Management shall conduct training and the like, including training about the business activities and management environment of MUFG, particularly for independent outside directors, on an ongoing basis, including at the time of appointment, in order to provide necessary information in addition to the Board of Directors’ meeting agenda.

6-6. Evaluation of the Board of Directors

In order to maintain and improve the effectiveness of the Board of Directors, evaluation of the Board shall be conducted periodically.

6-7. Information exchange among independent outside directors

Independent outside directors may, as necessary, convene meetings comprising only independent outside directors in order to perform their function from an independent standpoint.

6-8. Appointment of Lead Independent Outside Director

Independent outside directors may appoint a Lead Independent Outside Director from among themselves.

6-9. Advice of outside professionals

Directors may obtain advice from outside professionals at MUFG’s expense if it is necessary for the execution of their duties as a director.

7. Committees

7-1. Establishment of committees

In addition to the establishment of a Nominating and Governance Committee, a Compensation Committee and an Audit Committee as provided under the Companies Act, a Risk Committee shall also be established as an optional board committee. Moreover, in order to comply with the final rules for Enhanced Prudential Standards for Foreign Banking Organizations, U.S. Risk Committee shall be established.
Committees may appoint outside professionals as outside expert members and have them participate in committee deliberations.
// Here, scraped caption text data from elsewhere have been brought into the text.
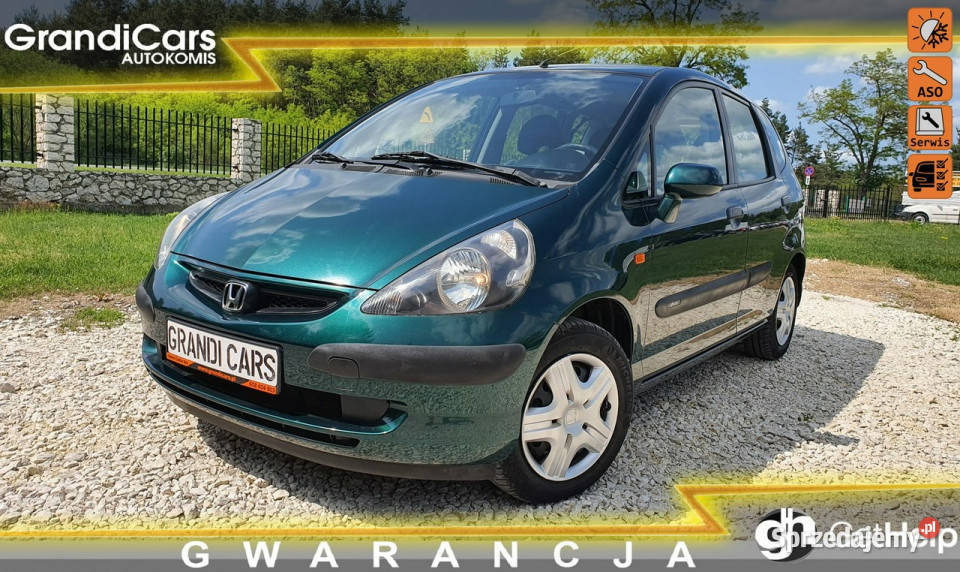 Honda Jazz 14 16v 83 Klima Serwisowana do Końca komputer pokładowy Chmielnik sprzedam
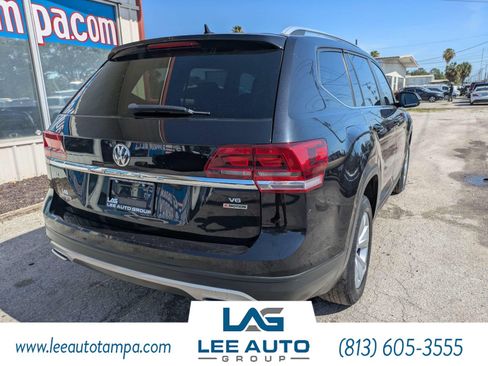 Used 2019 Volkswagen Atlas SE AWD/4WD image 3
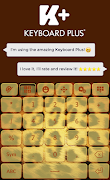 Cheetah Keyboard Theme captura de pantalla 1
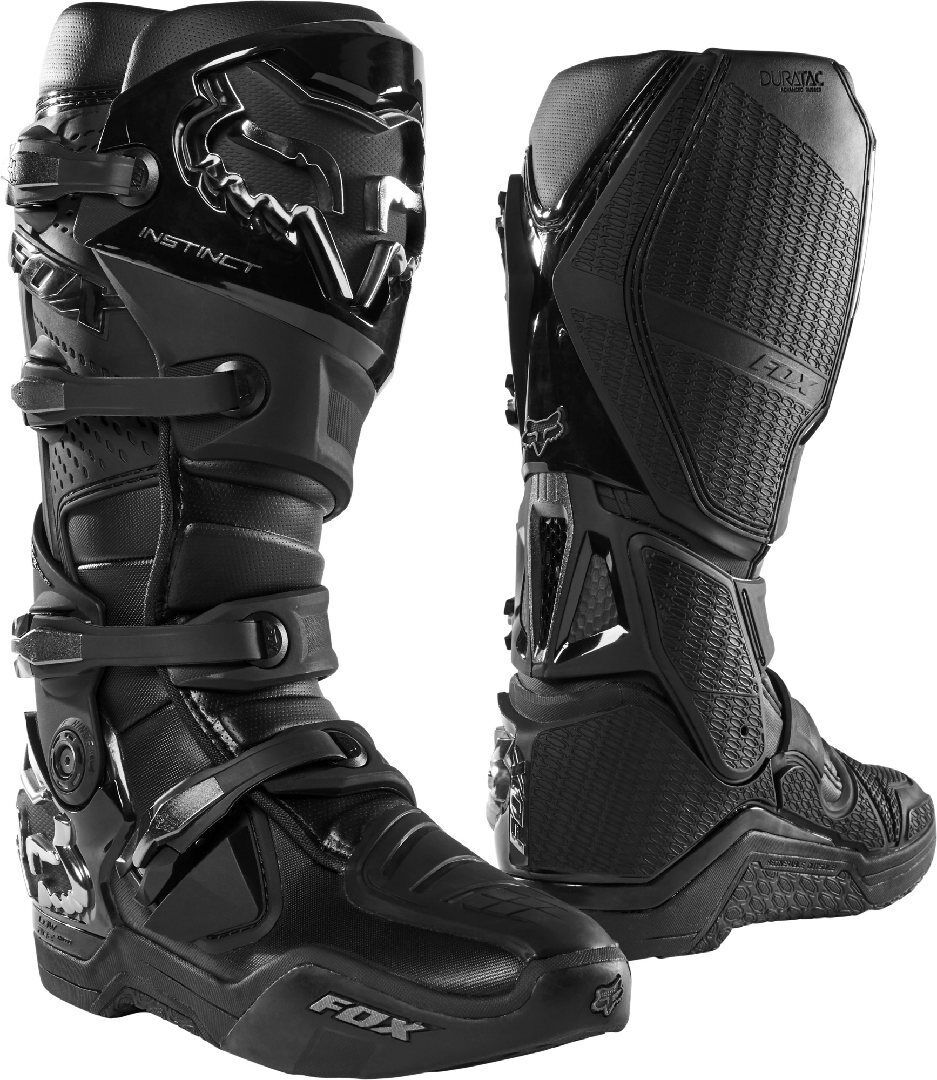 FOX Instinct Motocross Stiefel 46 Schwarz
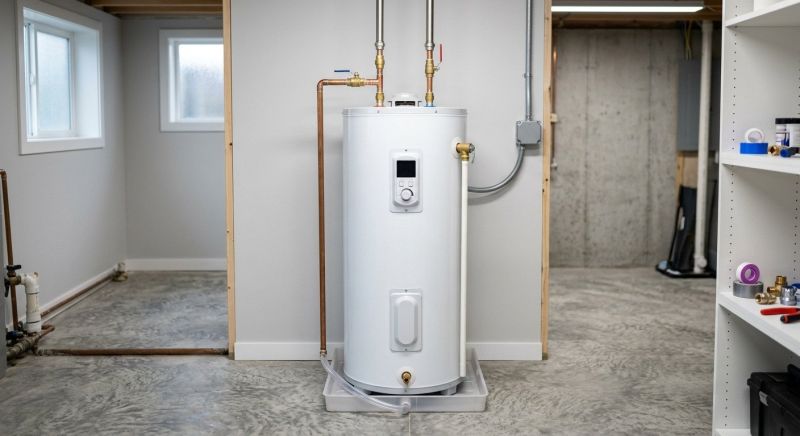 Hot Water Heater Installation in Annapolis, MD
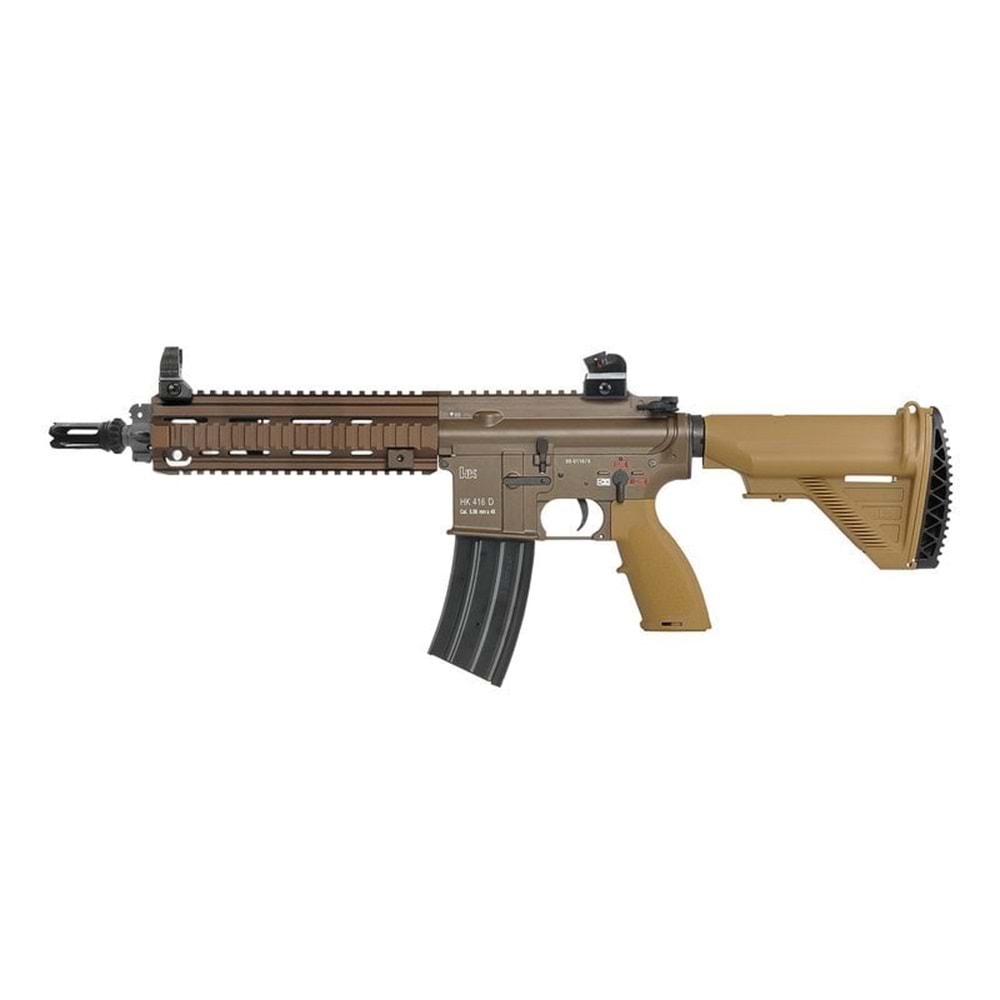 HK416D V2 TAN AIRSOFT AEG 10.5''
7-2. Nominating and Governance Committee

  • (i)Role of the Nominating and Governance Committee
    • ·The Nominating and Governance Committee shall decide the content of proposals that are submitted to general meetings of shareholders regarding the election and removal of directors.
    • ·The Nominating and Governance Committee shall discuss and make recommendations to the Board of Directors on personnel matters regarding key management positions such as Chairman, Deputy Chairman and President and Group Chief Executive Officer of MUFG and Chairmen, Deputy Chairmen and Presidents of major subsidiaries.
    • ·The Nominating and Governance Committee shall discuss and make recommendations to the Board of Directors on matters pertaining to the policy and framework for corporate governance.
  • (ii)Composition and resolutions of the Nominating and Governance Committee
    • ·The Nominating and Governance Committee shall be composed of three (3) or more members, with the members being independent outside directors and the President and Group Chief Executive Officer.
    • ·The chairman of the Nominating and Governance Committee shall be appointed from among the independent outside directors.
    • ·Resolutions of the Nominating and Governance Committee shall be adopted by an affirmative vote of a majority of the members present who constitute in number a majority of all the members eligible to vote.
  • (iii)Nomination policy
    • ·The Nominating and Governance Committee shall establish Director Election Standards and nominate as director candidates those who meet such standards.
    • ·With respect to the nomination of candidates for key management positions such as Chairman, Deputy Chairman and President and Group Chief Executive Officer of MUFG and Chairmen, Deputy Chairmen and Presidents of major subsidiaries, the appropriateness of the nomination shall be discussed in light of the personnel requirements for each position.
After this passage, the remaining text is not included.